SEN meanwhile has been playing the system and hacking into the city computers to get himself assigned as a replacement roommate for THX. Quite what his motivation is we can only guess but it’s not a move THX welcomes and he reports SEN for the breach even as his own transgressions are under investigation: namely illicit reproductive activity with LUH.

Maggie McOmie
THX is tried and sent to a prison resembling an antiseptic Todd Browning’s Freaks; the inmates all being marooned in beds amidst a seeming eternity of disorientating bright lights. SEN is here as well with more grand schemes of escape, when the time is right… THX can’t be doing with strangeness and prevarication and eventually heads off into the light with an increasingly timid SEN in tow. They encounter an escaped holograph named SRT (Don Pedro Colley) and soon find the crowded “real world” of the city; citizens being forced through corridors like blood through clotted veins.

From this point on it’s a race to avoid the robot coppers and to find their way out, if they have the courage and belief…

Robert Duvall
Dusty Verdict: THX 1138 is all a far cry from Star Wars swashbuckling but even this film begins with some footage from Buster Crabbe in Buck Rodgers, an influence on the later film and used here to show how the future of the Thirties has been replaced with darker possibilities. More time has passed between THX and the present day and the film looks far more likely than Flash Gordon and his ilk.

All credit for Lucas in what is essentially a stripped-down prison escape movie with sci-fi trimmings: THX must find himself through the truth of his and humanity’s existence and that’s a pretty timeless fable that’s little in need of CGI upgrading.


Robert Duvall, soon to feature in his producer’s Godfather, gives a superb performance, managing to convey vulnerability at the same time as the natural machismo of a hero.

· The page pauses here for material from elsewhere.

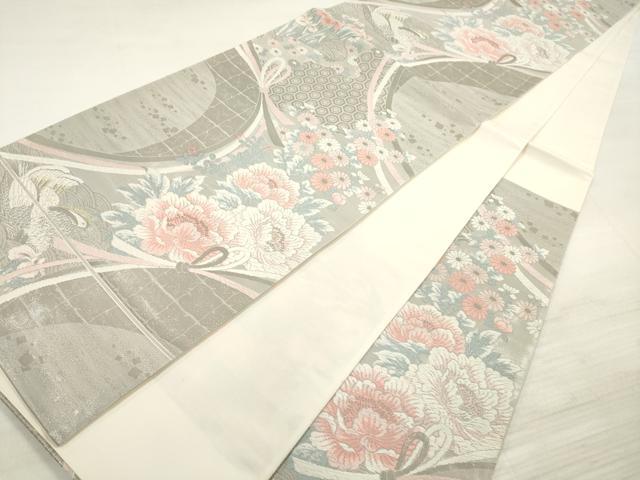 平和屋着物◎六通柄袋帯 唐織 花鳥文 秀苑 プラチナ箔 正絹 逸品 DABE8262xg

Our Donald Pleasence plays a more straightforward character, a schemer without THX’s ability to ultimately rise to the occasion: not everyone really wants to escape. Maggie McOmie’s LUH is the one who really sees what freedom could entail, almost a lone feminine voice in this film.

THX is, of course, readily available in its 2004 form on BluRay and DVD, it’s worth catching the original version if you can find it for purists and those who liked their vintage seventies future-scapes to be of their time.